Abe's Pearl Harbor visit masks 'hawkish' intent
US President Barack Obama and Japanese Prime Minister Shinzo Abe lay wreaths at the USS Arizona Memorial in Hawaii on Tuesday. Carolyn Kaster / AP |
Japanese prime minister only trying to strengthen US alliance to curb rise of China, analysts say
Japanese Prime Minister Shinzo Abe's visit to Pearl Harbor, criticized by China as lacking in sincerity, was quickly followed by one of his Cabinet ministers visiting a Tokyo war shrine on Wednesday.

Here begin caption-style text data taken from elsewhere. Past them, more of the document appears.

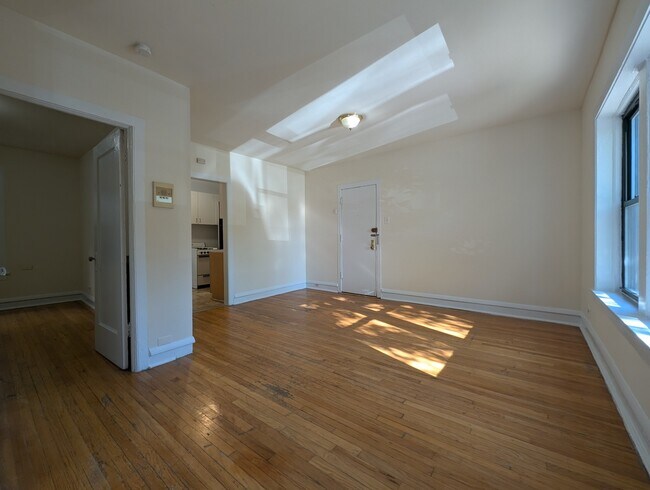 Building Photo - 2706 N Spaulding Ave
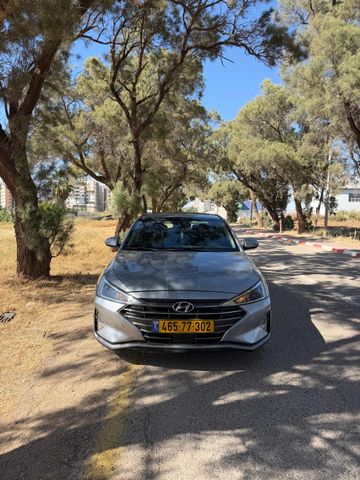 יונדאי אלנטרה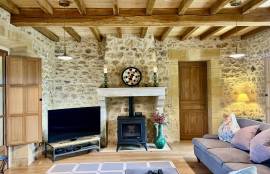 EXCLUSiViTE À BiRON: Propriete en pierres avec piscine, dependances a renover et vue imprenable sur le chateau de Biron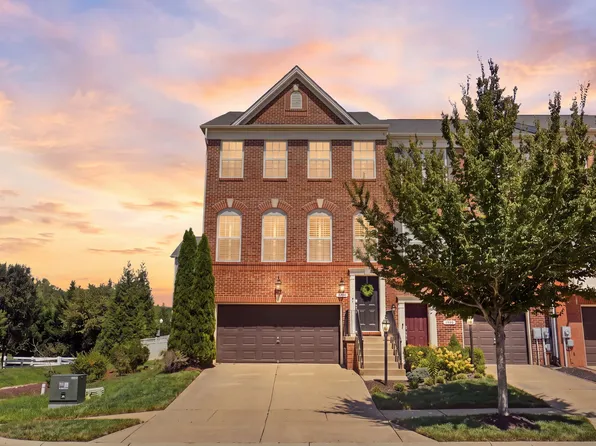 11360 Sandhurst Pl, White Plains, MD 20695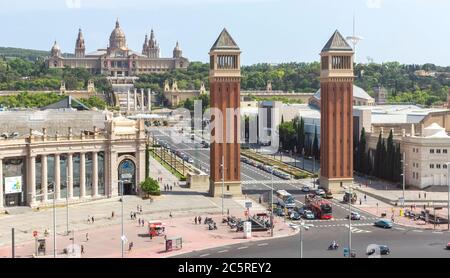 BARCELONA, SPANIEN - 8. JULI 2015: Zwei venezianische Türme am Placa d'Espanya in Barcelona. Der schönste Platz in der katalanischen Hauptstadt. Barce Stockfoto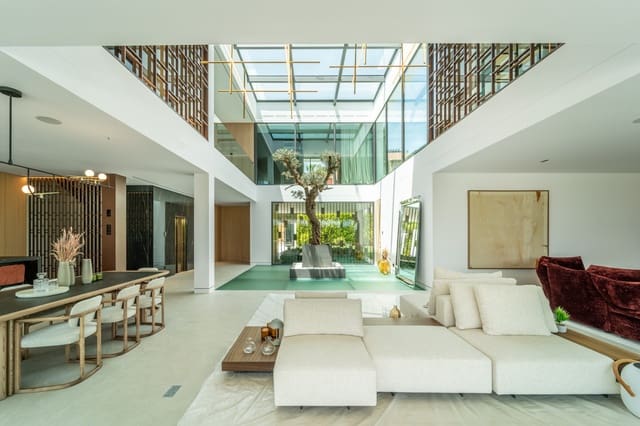 Chalet de 5 habitaciones en Lomas De Marbella, Marbella en venta con piscina garaje - 11.000.000 € (Ref: 9848847)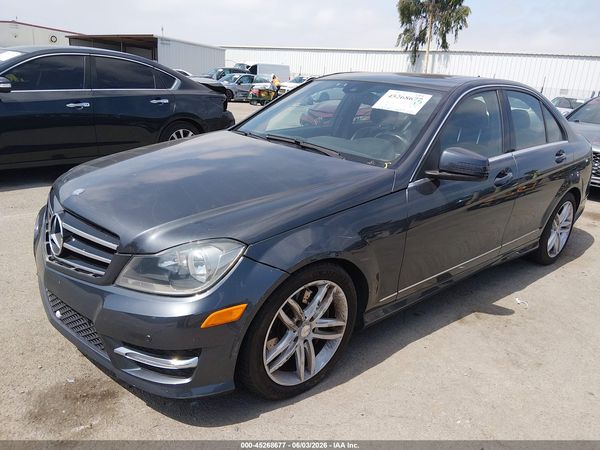 2013 MERCEDES-BENZ C 300 SPORT 4MATIC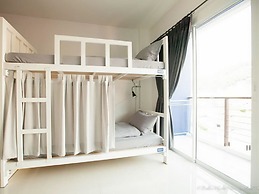 Bedbox Guesthouse & Hostel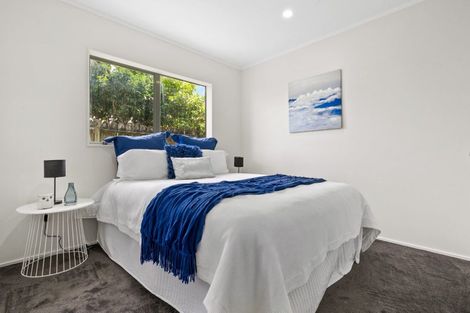 Photo of property in 8 Pono Place, Waiuku, 2123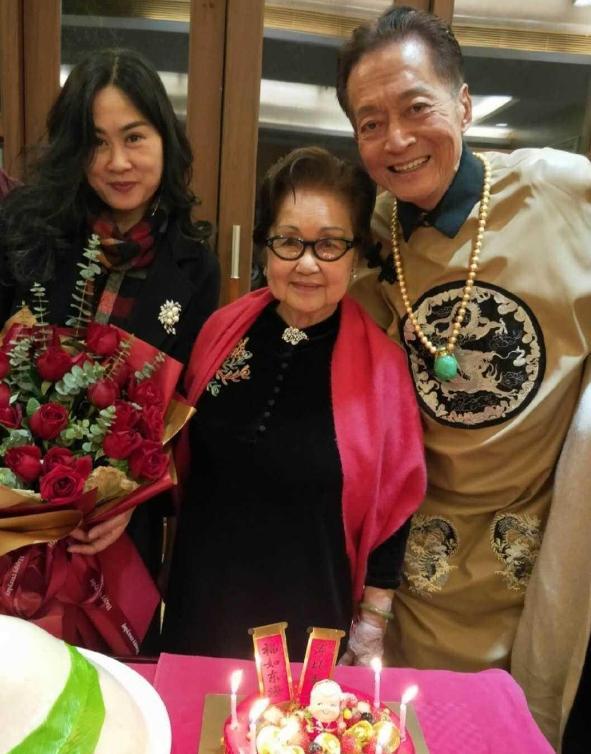 78岁演员方刚离世一生未婚未育生前喜欢认义子只有一人孝顺(图17)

According to analysts, Abe's visit to Pearl Harbor, the target of the 1941 Japanese surprise attack on Hawaii, had hawkish intentions at heart, not pursuing peace and reconciliation. The purpose, they said, was to broaden Japan's military capabilities and curb the rise of China by strengthening the alliance with the United States.
On Tuesday, Abe and US President Barack Obama laid wreaths at the USS Arizona Memorial.
Afterward, in a speech, Abe said that Japan would never again wage war. On Dec 7, 1941, the Japanese attack on Pearl Harbor killed more than 2,400 US citizens and drew the US into World War II.
Not long after Abe spoke, Masahiro Imamura, the minister in charge of reconstruction of northern Japan after the 2011 tsunami, offered prayers at the Yasukuni Shrine, which honors Japan's war dead, including 14 Class-A war criminals from World War II. Class-A convicts were found guilty of plotting and carrying out the war.
Chinese Foreign Ministry spokeswoman Hua Chunying said Japan should reflect upon its war crimes in a sincere manner rather than "make political shows repeatedly". She spoke at a regular news conference on Wednesday.
The reconciliation between Japan and victimized Asian countries, including China, must be based on Tokyo's sincere reflection on the suffering it caused, she said, adding that some Western media have used words like "shrewd" to describe Abe's visit.
In the Financial Times, writer Joji Sakurai called Abe's visit "a dovish act that masks a hawkish intent". The visit is "shrewd politics", through which Abe could defuse fears about militarism reawakening in Japan, Sakurai wrote.
"Mr. Abe's dream is to revise Japan's pacifist Constitution, drawn up by the US under postwar occupation, to allow the country to have a real army," he wrote.